Feasting and Dancing

First Lady Mary Todd Lincoln held a grand ball for 500 guests at the White House, despite the continuing war. Mrs. Lincoln’s idea to hold a gala event only for selected invitees disregarded advice from State Department protocol officers, who urged her to either hold small private affairs or open the White House to the public. All guests were required to present a ticket to gain admittance, and several took offense at not being invited. Attendees included members of the cabinet, military (including General-in-Chief George B. McClellan), diplomatic corps, Congress, Supreme Court, and prominent social circles, along with their spouses.

Senator Benjamin F. Wade of Ohio, insulted by the ticket of invitation advertising a “dancing party,” sent a message: “Are the President and Mrs. Lincoln aware there is a Civil War? If they are not, Mr. and Mrs. Wade are, and for that reason decline to participate in feasting and dancing.” The first lady relented and removed dancing from the program.

Senator Benjamin Wade | Image Credit: CivilWarDailyGazette.com

Guests began arriving in carriages at 9 p.m. They were allowed into the Green, Red, and Blue parlors, and the Lincolns received them in the East Room, with the president wearing a black swallowtail coat.
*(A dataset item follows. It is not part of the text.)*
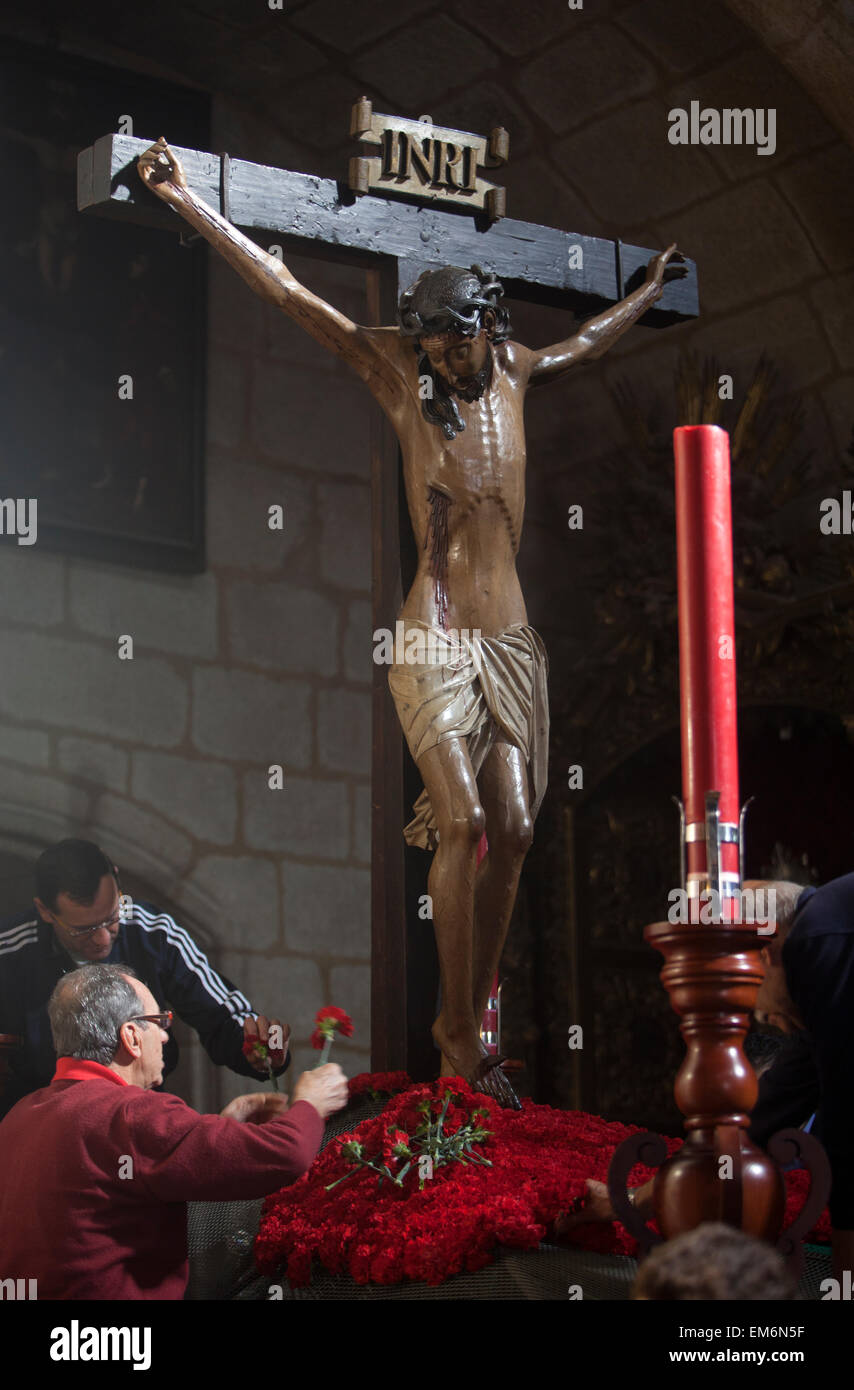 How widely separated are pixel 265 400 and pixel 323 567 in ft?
2.58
Mrs. Lincoln showed off the newly refurbished White House residence, with the U.S. Marine Corps Band playing a new song, “The Mary Lincoln Polka.” Both President and Mrs. Lincoln periodically disappeared upstairs to check on their son Willie, who lay seriously ill with typhoid and was being tended by doctors.

The dining room doors opened at midnight for the guests to indulge in an enormous buffet provided by Maillard’s of New York, America’s most lavish caterer. The New York Tribune reported that it was “one of the finest displays of gastronomic art ever seen in this country.” The correspondent for the Washington Star called the ball “the most superb affair of its kind ever seen here,” with the buffet featuring “turkey, duck, venison, pheasant, partridge and ham.”

Despite criticisms about the first lady holding such a lavish ball while Americans languished in the despair of war, social circles generally praised her efforts.


Bibliography

  • Donald, David Herbert, Lincoln. New York: Simon & Schuster, (Kindle Edition), 2011.
  • Goodwin, Doris Kearns, Team of Rivals: The Political Genius of Abraham Lincoln. New York: Simon and Schuster, 2005.
  • Long, E.B. with Long, Barbara, The Civil War Day by Day. New York: Da Capo Press, Inc., 1971.